### Problem to work on
For the listing that follows, give again exactly the lines from the one with "Imagen 33/34 de" to the one with "Πατάκι πορτ-μπαγκάζ Toyota", including both.
··· Data to examine
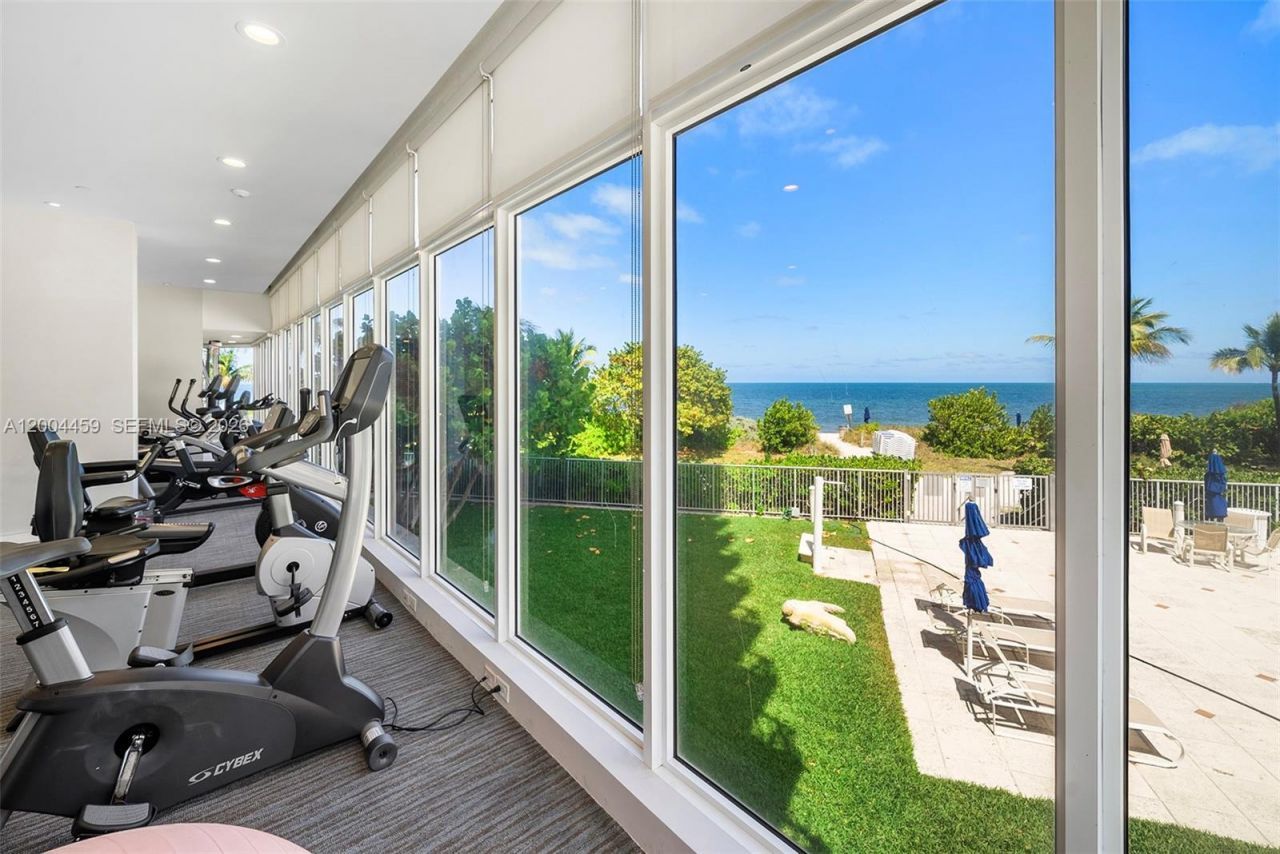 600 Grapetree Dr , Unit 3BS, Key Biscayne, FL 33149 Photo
······
··· Data to examine
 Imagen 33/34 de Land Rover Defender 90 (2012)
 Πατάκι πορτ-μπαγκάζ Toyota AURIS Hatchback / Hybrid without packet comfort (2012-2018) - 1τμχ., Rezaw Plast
······
### Your response
 Imagen 33/34 de Land Rover Defender 90 (2012)
 Πατάκι πορτ-μπαγκάζ Toyota AURIS Hatchback / Hybrid without packet comfort (2012-2018) - 1τμχ., Rezaw Plast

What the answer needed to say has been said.